Hey All. Here is a Black Ash Burl bangle I just finished using BassBlaster and EricJS help to perfect my CA finish experience. The pics aren't quite up to snuff (especially since Curtis showed us his FBE bangle), but I hope it shows up well enough. This is a woman's size 8, narrow width bangle. The BAB came from Bobby (BWH3805) of WB. Enjoy!


[attachment=5159]


----------



## davidgiul (May 3, 2012)

BangleGuy said:


> Hey All. Here is a Black Ash Burl bangle I just finished using BassBlaster and EricJS help to perfect my CA finish experience. The pics aren't quite up to snuff (especially since Curtis showed us his FBE bangle), but I hope it shows up well enough. This is a woman's size 8, narrow width bangle. The BAB came from Bobby (BWH) of WB. Enjoy!



Nice work Eric.


----------



## EricJS (May 3, 2012)

That's another beauty! Great job on the CA! 

Wasn't too hard was it? Or did you glue yourself to your lathe?


----------



## BangleGuy (May 3, 2012)

EricJS said:


> That's another beauty! Great job on the CA!
> 
> Wasn't too hard was it? Or did you glue yourself to your lathe?



 Hoily sdmokes! itys Hrad to tpye with uyro fingertds stuckj toghetre. LOL I only glued my finger to the Viva paper towel once. Luckily I didn't loose any skin ripping it off


----------



## DKMD (May 4, 2012)

That's nice! I love black ash burl, and the finish looks great!


----------



## Mr.Hunt (May 4, 2012)

that is just amazing, you have one hell of a craft here. just seeing this piece makes me want to get out and start turning something. i love it man, love it!!!:wacko1:


----------



## Mike1950 (May 4, 2012)

Very nice work You make the most out of such small pieces of wood.


----------



## BangleGuy (May 4, 2012)

Thanks everyone! I made a Mexican Kingwood bangle today. It is a very pretty, dark purple, but the pics didn't turn out too well. I will try to spare everyone all of my bangle projects and just post ones that are somewhat special. I am plotting on how to make a snakewood/blackwood segmented bangle. If this comes out, I will put it in a post. If is cracks, flies apart and gets sucked into my dust collector, I'll go drink a beer on the porch! LOL :wacko1:

Zoe, who is in the new Avatar?


----------



## Kenbo (May 5, 2012)

That's just beautiful work. I really like the choice of wood for this one. Looks fantastic.


----------



## turner.curtis (May 7, 2012)

Looks Great Eric, and thanks for the remark! 

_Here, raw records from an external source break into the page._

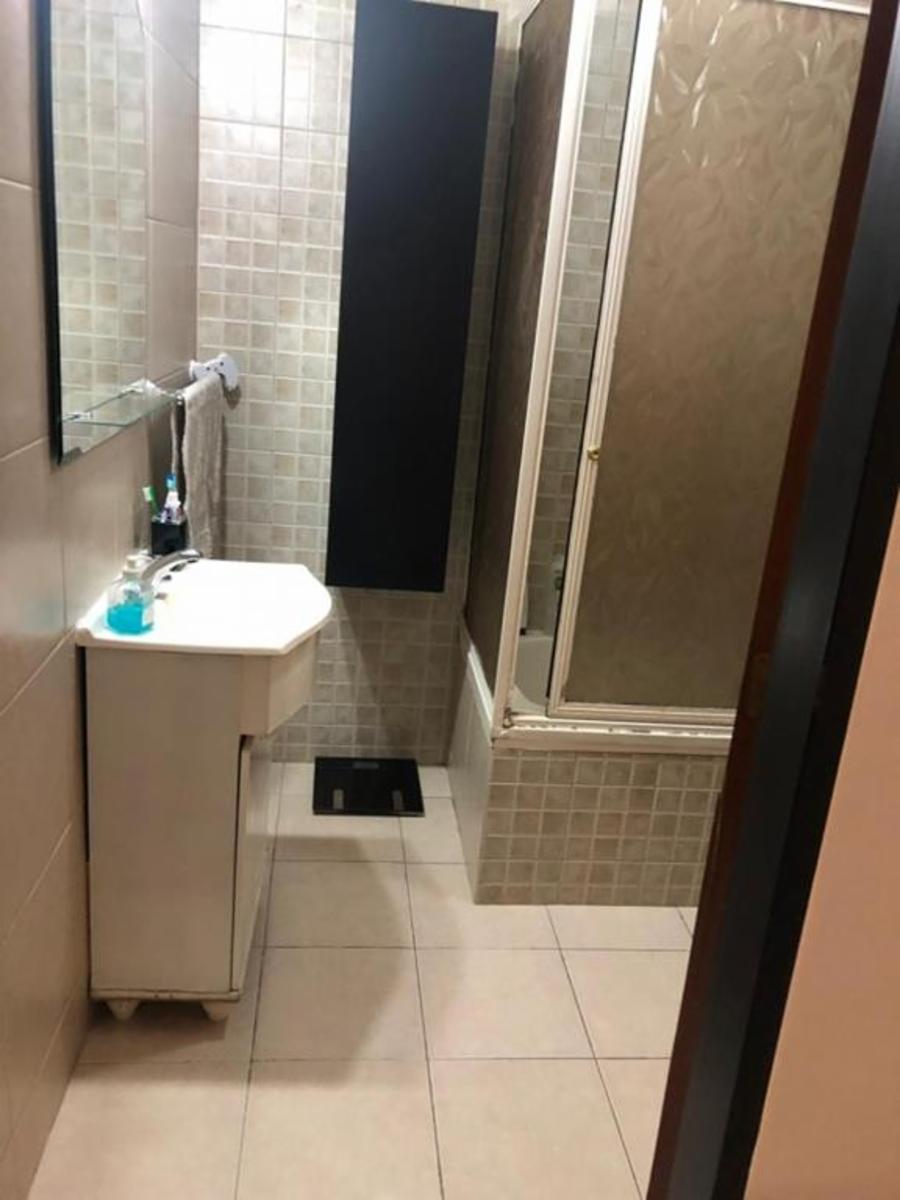 DTO 2 AMBIENTES CON PATIO (ACONCAGUA 5726) LINIERS
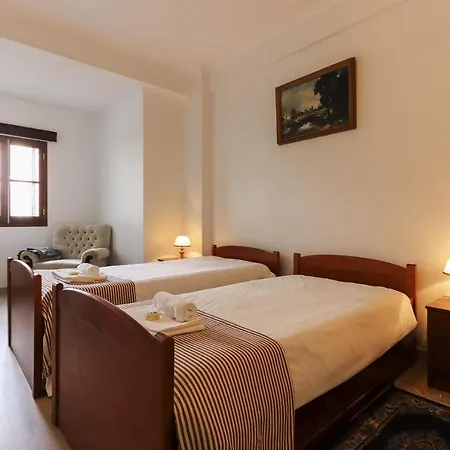 Olaias Classic By Homing Appartamento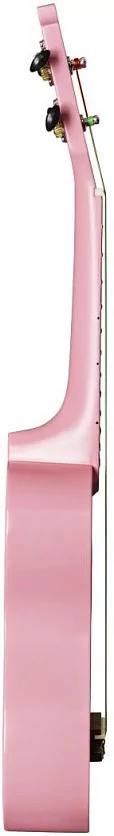 Укулеле сопрано BATON ROUGE UR1-S-PK 4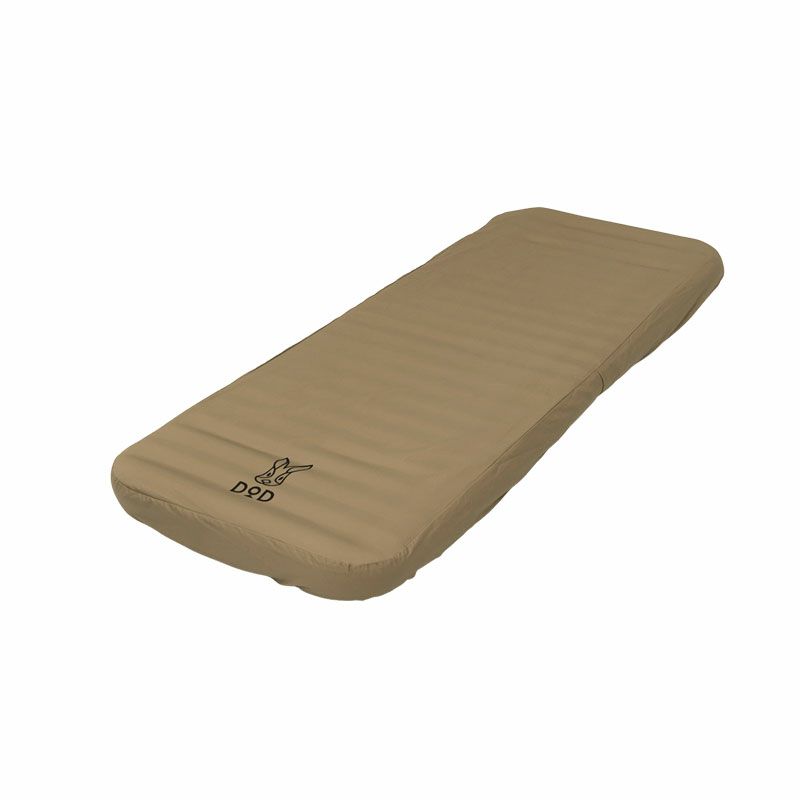 スーパータラコデラックス | DOD STORE （ディーオーディー公式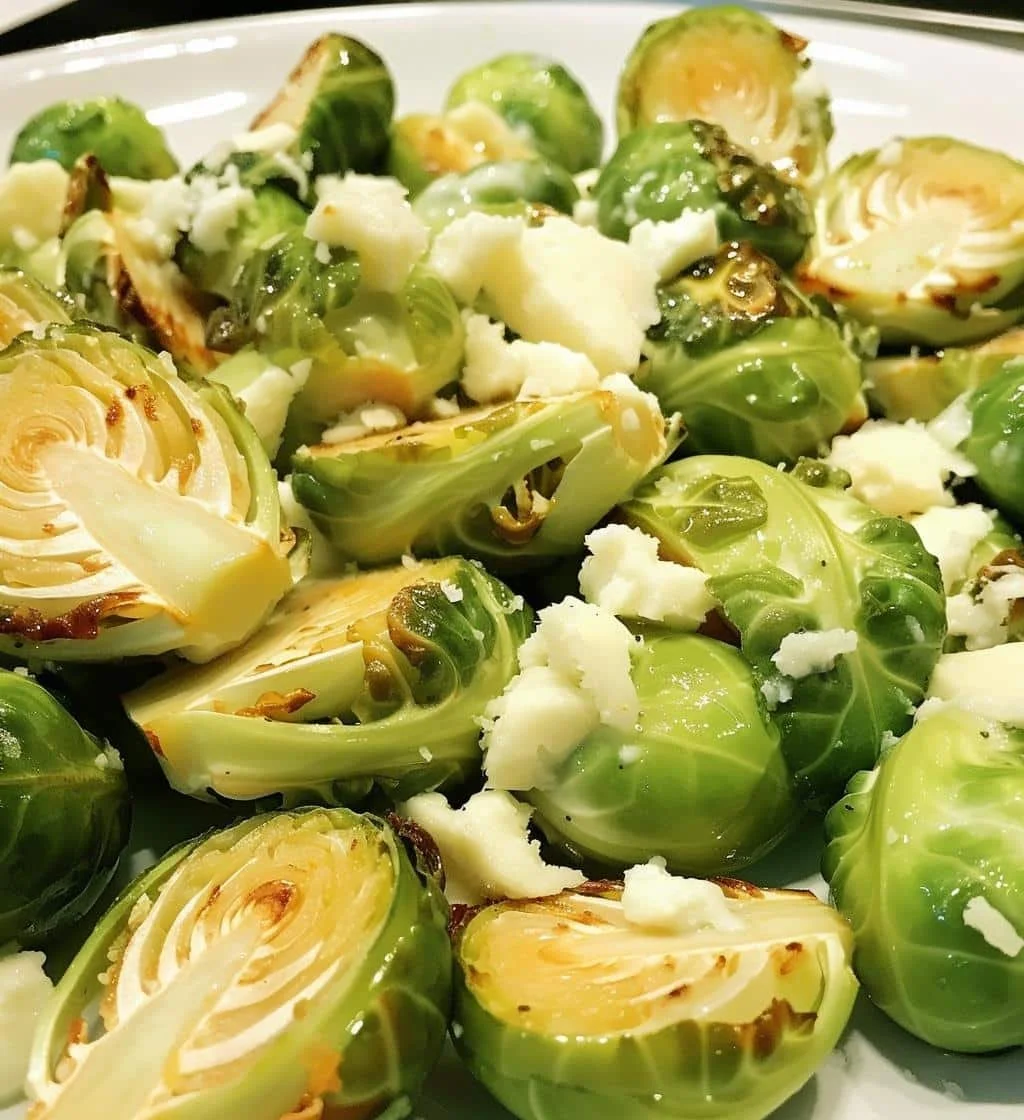 Boursin Rosenkohl: 5 geschmackvolle Geheimnisse enthüllt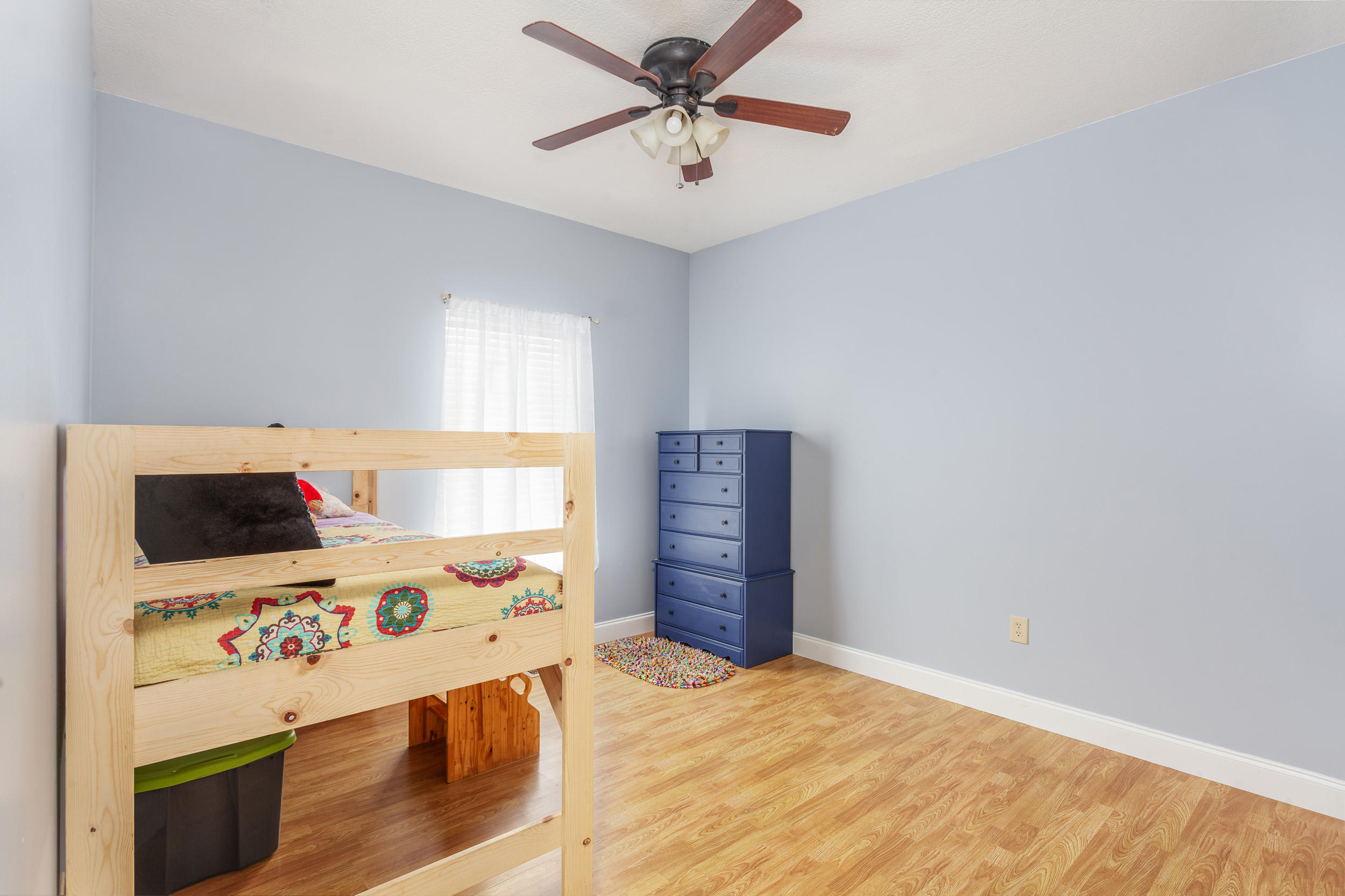 422 William Way Cleveland, TN 37323 - Photo 7 of 13 422 Williams_Bedroom 2_Choice Homes
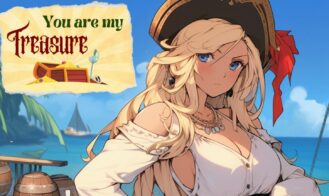 You Are My Treasure + DLC cover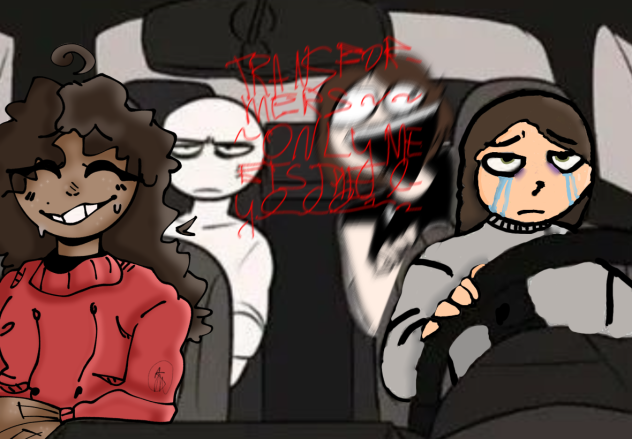 Collab w Kathherine Moyu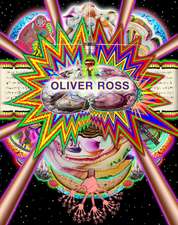 Blume jr., A: Oliver Ross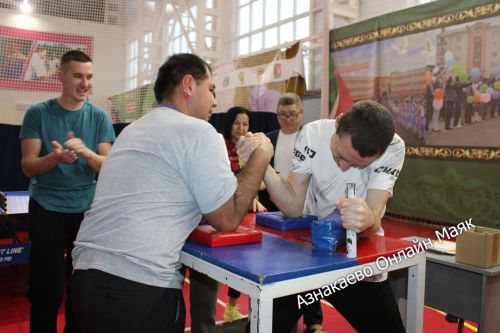 Шашки, дартс, ГТО: азнакаевцы с ограниченными возможностями здоровья соревновались в спартакиаде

The CA finish can be a pain but is worth it for some woods. The PITA for me has been keeping the stainless clean. 

If you need any other pointers feel free to give me a yell and I will be happy to walk you through my version of the process, although there are 1001 different other ways already on youtube :)


----------



## BangleGuy (May 8, 2012)

turner.curtis said:


> Looks Great Eric, and thanks for the remark!
> 
> The CA finish can be a pain but is worth it for some woods. The PITA for me has been keeping the stainless clean.
> 
> If you need any other pointers feel free to give me a yell and I will be happy to walk you through my version of the process, although there are 1001 different other ways already on youtube :)



PITA is right! Tonight I used a really sharp chisel, held it tight against the stainless (with the lathe off), and then rotated the spindle by hand. The CA peeled right off and I didn't mar the SS. It worked really well.
I didn't quite get it all and so I wet sanded the SS with 1200. I think the trick is to take the CA off the SS BEFORE wet sanding the CA on the wood. (this is probably a DUH moment! but I am just figuring this out.)

BTW, your box shipped today. Have fun with some Copper and let's see a few pendants :)


----------



## DKMD (May 8, 2012)

I haven't tried CA on a bangle yet, but a coat of paste wax or ren wax on the metal parts should allow for easy glue removal… That's an old pen turner's trick to keep glue off of the bushings.


----------



## Mr.Hunt (May 11, 2012)

i just keep loving this piece more and more everytime i look at it.


----------